I’ve always felt a need to catch up, especially since I operated for a long time under the assumption that I started late. While I doodled as a kid and teenager, I never really started drawing with any intent or wanting to learn to be a better artist until my late twenties.  That was when the Banff Crag and Canyon newspaper needed a weekly cartoonist and nobody else applied.  It didn’t matter that I didn’t draw well or know much about politics or current events.  They weren’t paying much and nobody was looking to the Crag’s editorial cartoon to set the standard. I already had a full-time tourism job and no ambition to do anything art related past this one thing.   Draw one small town editorial cartoon each week for some extra beer money.  Let’s face it, I was 27 years old, I had never gone to art school, and I didn’t draw very well.  I never expected this to go anywhere.

Fast forward to today, I’m now 43, I’ve been doing this art gig full-time for almost 8 years and am very happy drawing and colouring for a living.  It has thankfully been more than a few years since I would consider it a struggle to make ends meet.  I’ve tried a number of different art related tangents, discarded the ones I didn’t like or that didn’t work, sought to become better at the ones I felt passionate about, and year after year, my focus has become sharper.

One of the best things I did this year was to begin removing myself from a few imaginary races I’ve been running.  It’s easy to get caught up in the hype today that an artist’s value is entirely dependent on how many people follow you on Facebook, Twitter, and YouTube and that the incremental rise and fall of your Klout score will determine whether or not your business survives the end of the week.  I know, because for a long time, I worried about that very thing.  It’s exhausting and it’s an illusion.

Social media has been great for my business, don’t get me wrong, but it just never worked for me when I was trying too hard to get it to work for me.   The scramble to be noticed by Company A, to be retweeted by Company B, and to have your site address posted by Company C becomes like an addiction.  When it happens once, you try to make it happen again.  When it doesn’t happen, or it happens but not as well as you wanted it to, and fails to pay the street-cred dividends you expected, you wish you’d never had the initial boost to your profile in the first place.  You start to question your own value when the person who was happy to hear from you last year suddenly isn’t returning your calls anymore.

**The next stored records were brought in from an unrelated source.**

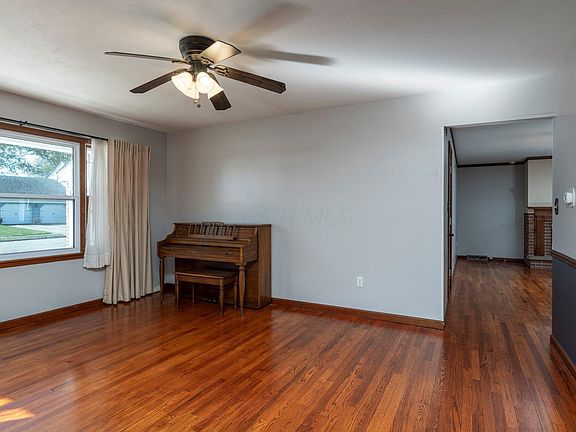 5th image of 558 Damon Dr
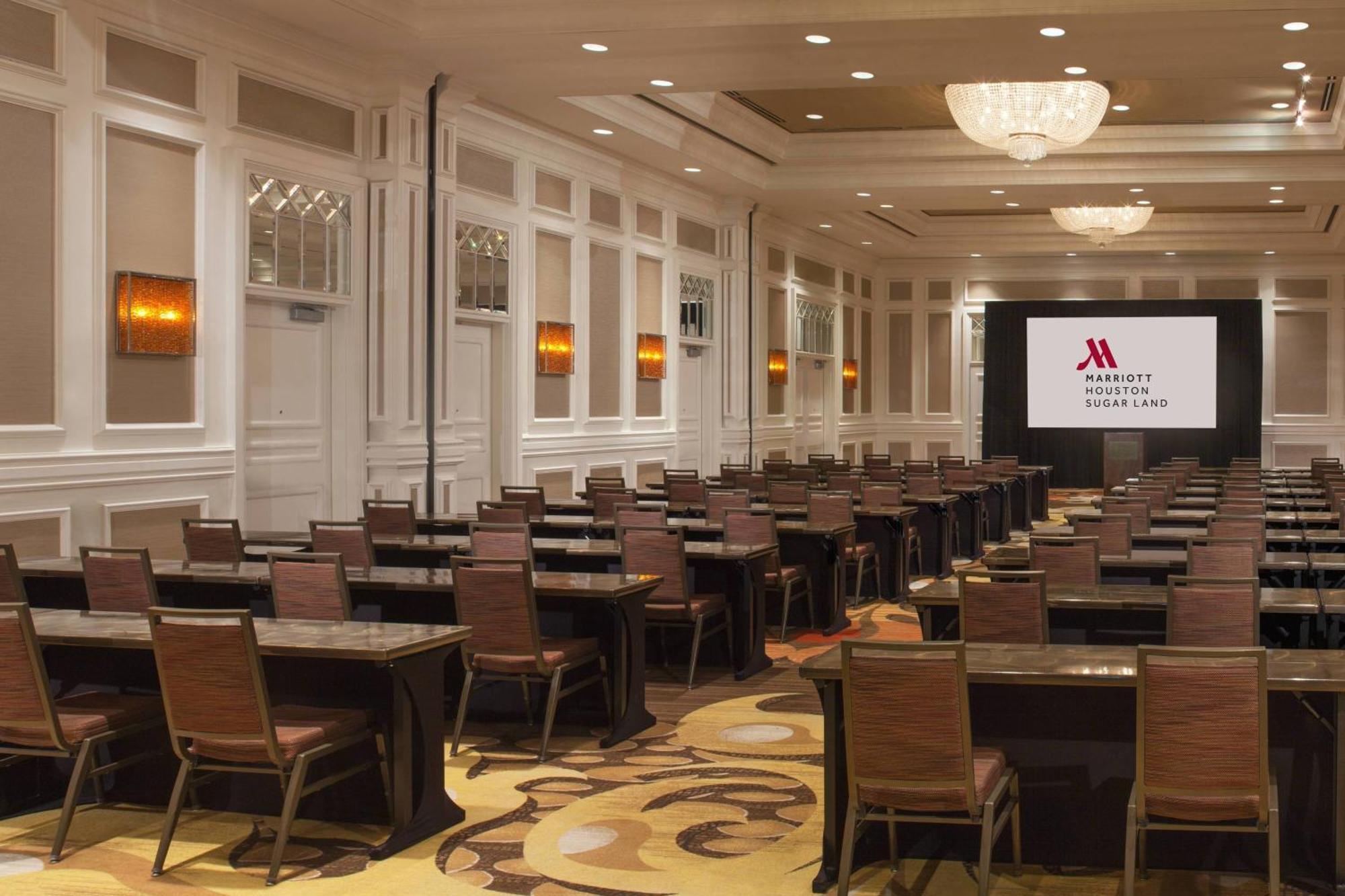 Houston Marriott Sugar Land Hotel Exterior photo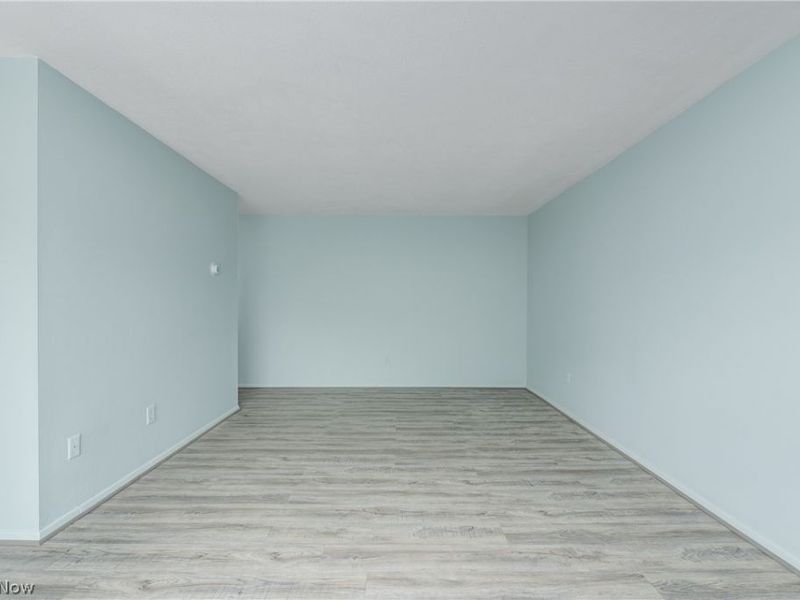 20312 Lorain Road , Unit 106, Fairview Park, OH 44126 Photo 6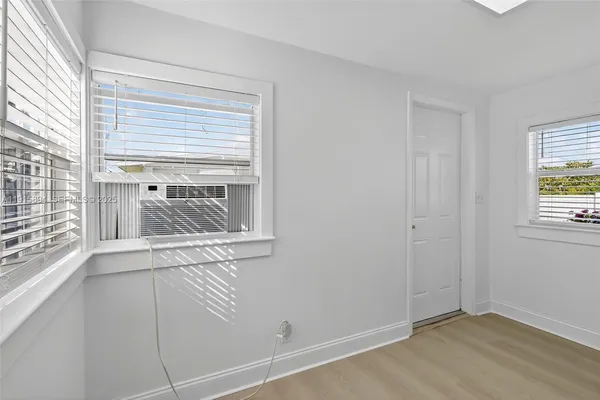 $2,290 | 123 North Ocean Breeze, Unit B, Lake Worth, FL 33460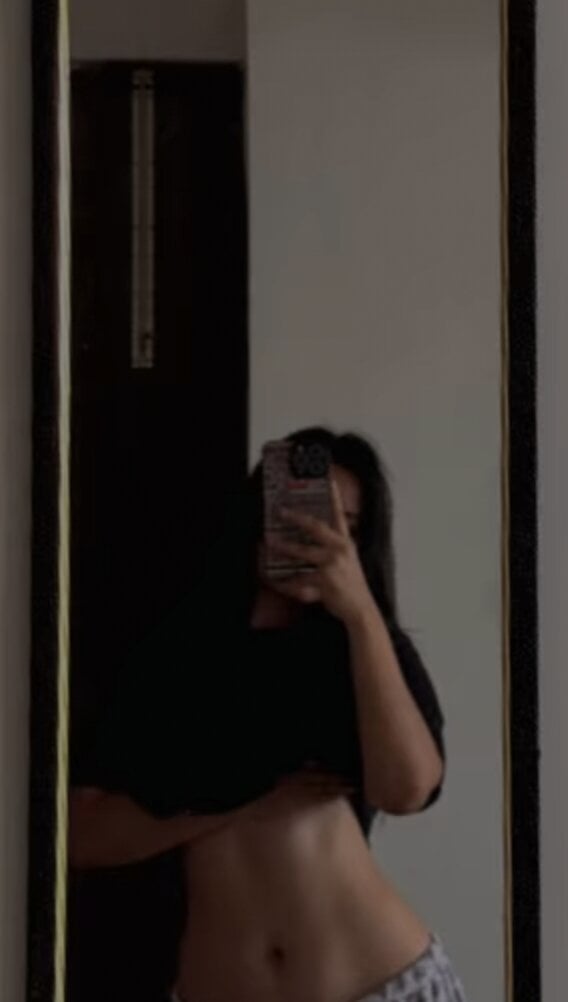 Vaani_Singha Chatroom
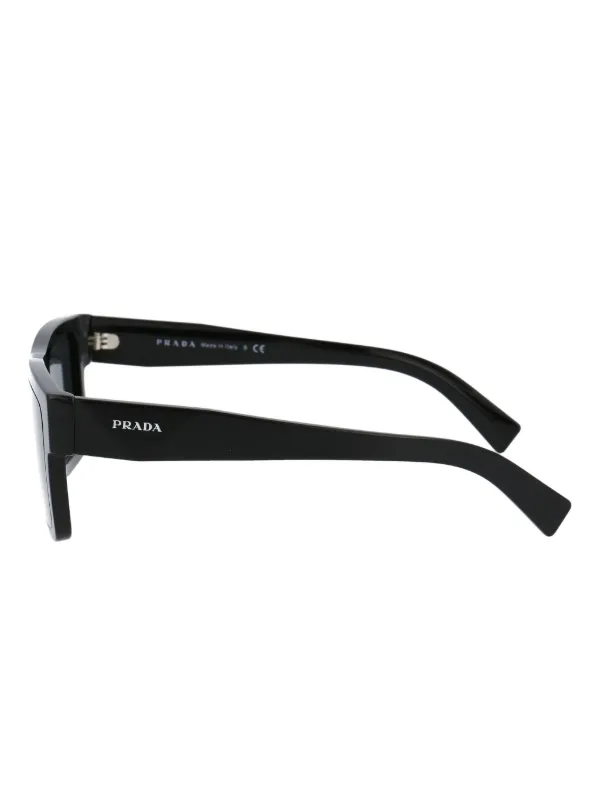 Prada Eyewear スクエアフレーム サングラス | ブラック | FARFETCH JP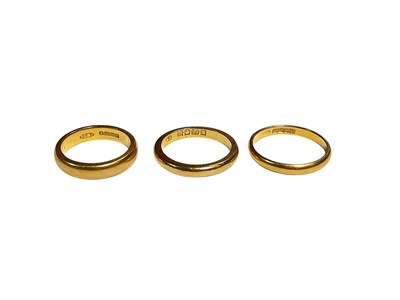 Lot 8 - Three 22ct gold wedding rings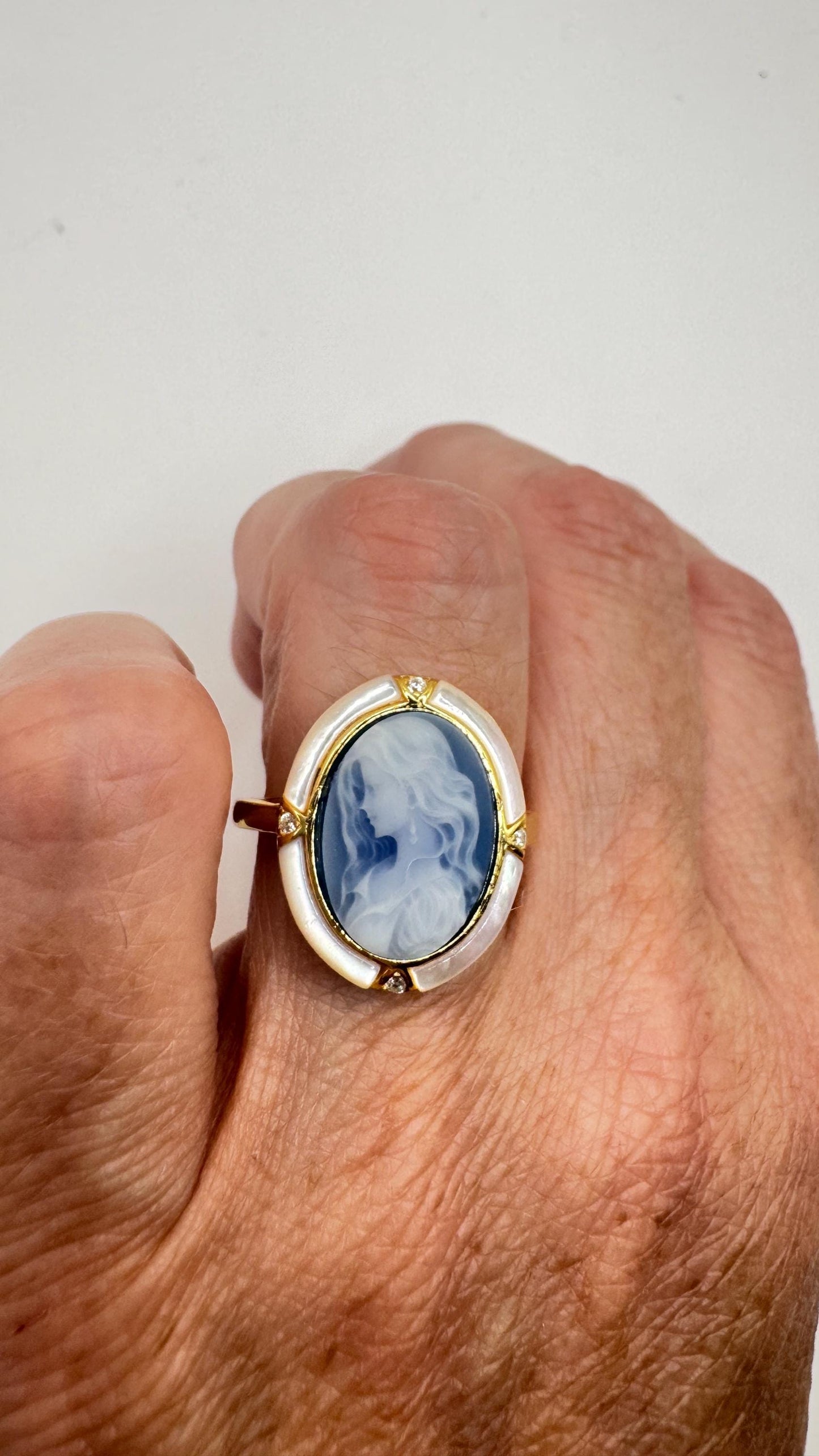 Vintage Blue Onyx Cameo Golden 925 Sterling Silver Cocktail Ring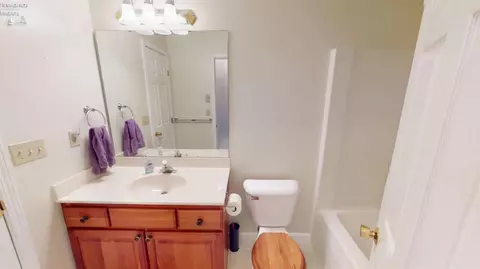 Bath - 1909 E Waterberry Dr, Huron, OH 44839 photo 1 of 4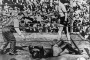 En 1915, Jack Johnson perdió su corona frente a Jess Williard en La Habana al ser noqueado en el 26º asalto.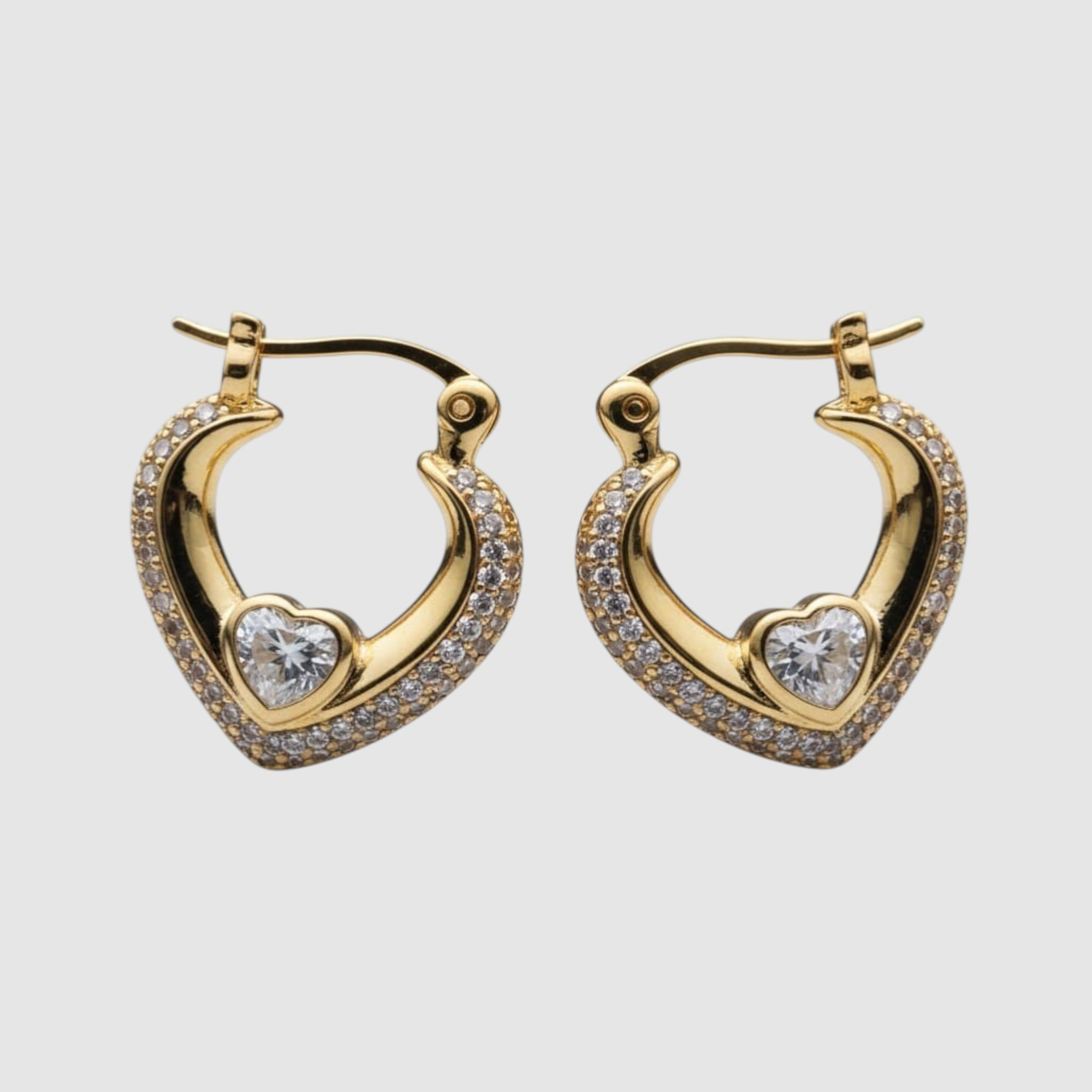 Aros Corazón con Zirconias en Oro Laminado 14K – Diseño Elegante y Brillante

Then you end up looking to other people in your industry that you view as more successful and try to copy what they’re doing.  Person A is writing articles, so I guess I need to write articles.  But Person B is teaching, so I guess I should be teaching.  Person C is traveling all over the place doing demonstrations at trade shows, so maybe I should be doing that, too.  And I don’t know what Person D is doing but everybody is talking about them so I need to find out why.

All of that scrambling leaves little time for anything creative.  While it’s true that I’m drawing editorial cartoons every day to meet my deadlines, last year I didn’t paint nearly as much as I had expected to, and not even close to how much I wanted to.  The one thing I enjoy most about my work, I shoved aside so that I could promote myself.  But what exactly was I promoting if there wasn’t any work?

This year, I’ve realized that the growth of my business is not tied to my connection to movers and shakers, nor is it tied to blogging freelancing tips and tricks or spending hours writing yet another tutorial on how to use brushes in Photoshop.   While people may value that contribution, it has rarely translated to income or led me in a direction in which I wanted to go.  I found myself looking forward and thinking, why do I feel like I’m voluntarily walking into a trap?  It also left me little time to paint or draw anything outside of my deadlines.

The greatest gains I’ve seen in my business, both financially and in my public profile, have been when I produce the work I enjoy creating.  The connection I make with the people who enjoy and buy my work doesn’t happen when I talk about being creative, it happens when I AM creative.

Therein lies the simple plan for the next year.  Pay the bills, learn to be a better artist, and chart my own course.  Spend a lot more time producing artwork and a lot less time talking about it.